SOEROYO, wredatama Solo.


· “Saya pegawai negeri sipil yang sudah pensiun tahun 1981. Setelah pensiun, post-power syndrome saya jauhi dan saya harus berani menghadapi kenyataan. Saya beristirahat total setiap hari, dari bangun tidur sampai tidur kembali yang sungguh menjemukan. Guna menghilangkan sebel, saya isi waktu dengan banyak mendengarkan siaran radio, banyak melihat tayangan TV serta banyak membaca apa saja yang bisa dibaca.

· Apabila ada hal-hal yang tidak laras dengan pola pikir saya, maka saya mencoba menulis yang hasilnya saya kirimkan ke redaksi suratkabar, apa saja. Pertama saya kirimkan ke Sinar Harapan, yang kemudian berganti nama Suara Pembaruan yang saya menjadi pelanggannya. Ternyata tulisan-tulisan saya banyak dimuat, kemudian tulisan saya kirimkan juga ke Suara Merdeka, Surya, Bernas dan Solopos. Saya merasa senang kalau tulisan saya dimuat, sebab pasti akan dibaca oleh orang banyak. Rupanya inilah salah satu hiburan saya selaku manula wredatama/pensiunan.

· Cukup banyak juga pembaca yang setuju dengan tulisan saya, namun ada juga yang sifatnya memberikan kritik membangun. Paham saya, agar pikiran ini tetap bekerja dan kreatif tidak loyo mengikuti jasmani yang usur di usia senja. Sangat ideal menerapkan TOPP baru, yakni Tua, Optimis, Prima dan Produktif, bukan TOPP lama yang kita kenal : Tua, Ompong, Pikun dan Peot.

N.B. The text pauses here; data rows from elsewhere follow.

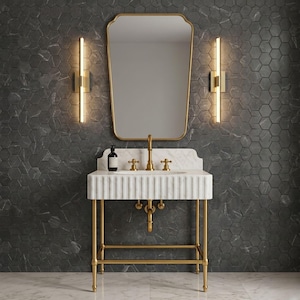 May include: A luxurious bathroom vanity set featuring a white marble sink with gold fixtures and a matching gold-framed mirror. The vanity is supported by a gold metal frame. The background features a dark gray hexagonal tile wall and two gold sconces.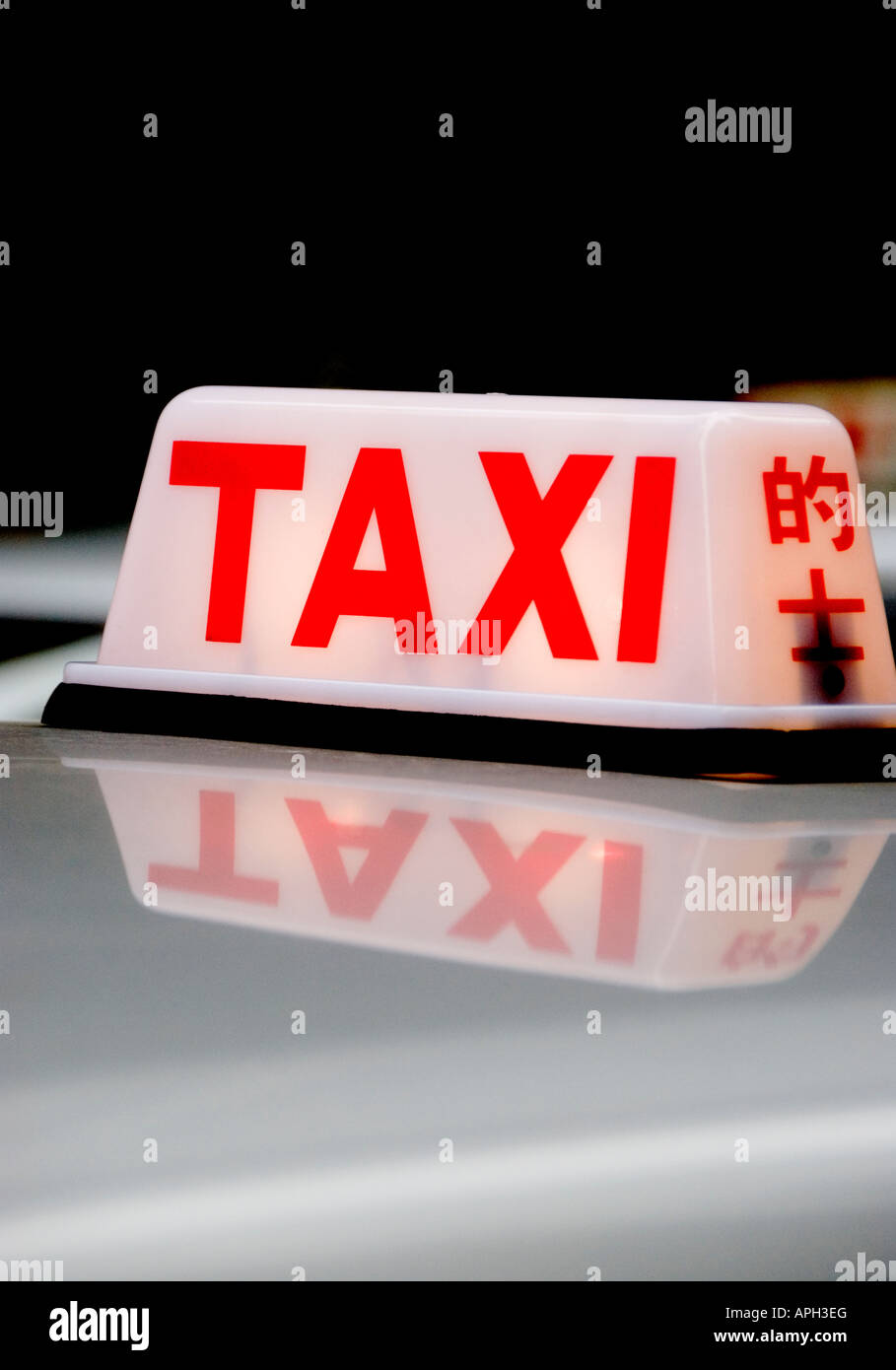 'Taxi segno su un Hong Kong taxi tetto' Foto Stock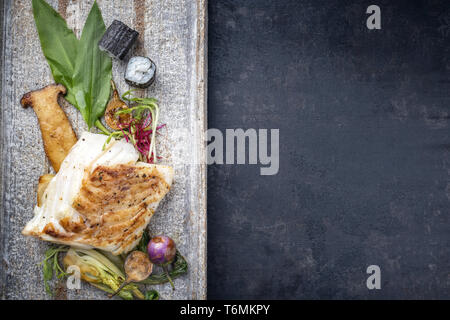 Morue frite japonaise moderne avec des filets de poisson bok choi et rouleaux de sushi en vue de dessus sur une plaque avec copie espace droit Banque D'Images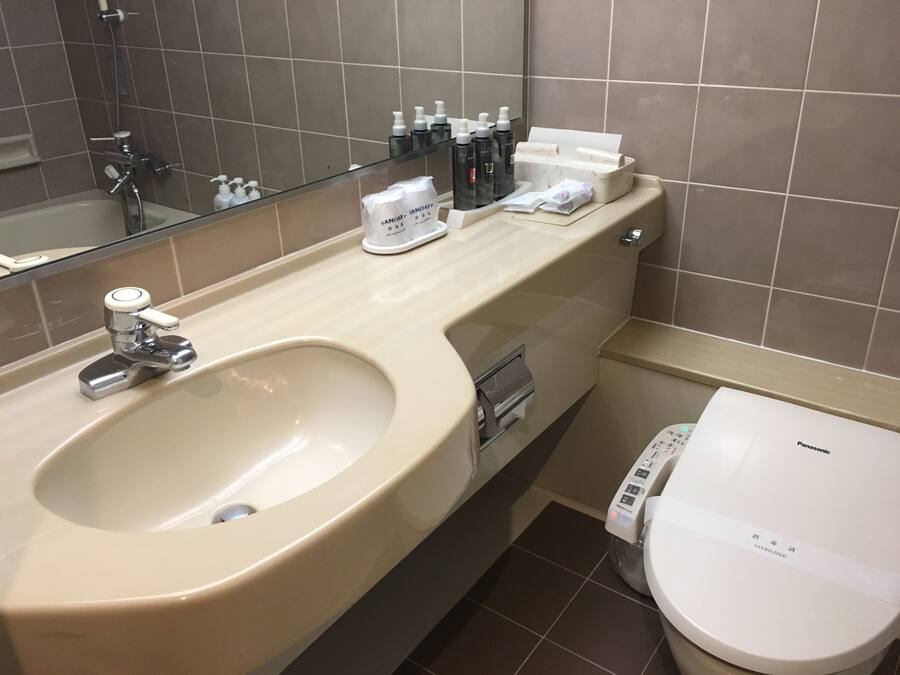 A modern bathroom with a large sink, a toilet, and a mirror. There are toiletries on the counter and a paper towel dispenser.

· Saya anjurkan pada para epistoholik muda supaya lebih gencar menulis yang positif. Semua itu bisa dijadikan sarana guna mencerdaskan anak bangsa. Semoga gagasan indah bisa terlaksana dengan baik. Amin. “ (Surat Pembaca, “Merintis Wadah Epistoholik”, di Harian Solopos, 5/12/2003)


----------

SUSANNA TAMARO,
dalam novelnya Pergilah Kemana Hati Membawamu (Va’ Dove Ti Porte Il Cuore) yang dimuat bersambung di Harian Kompas (10/3/2004) :


· “Dan surat-surat pembaca itu. Tak hentinya aku mengagumi hal-hal yang ditulis dengan berani oleh orang-orang itu.”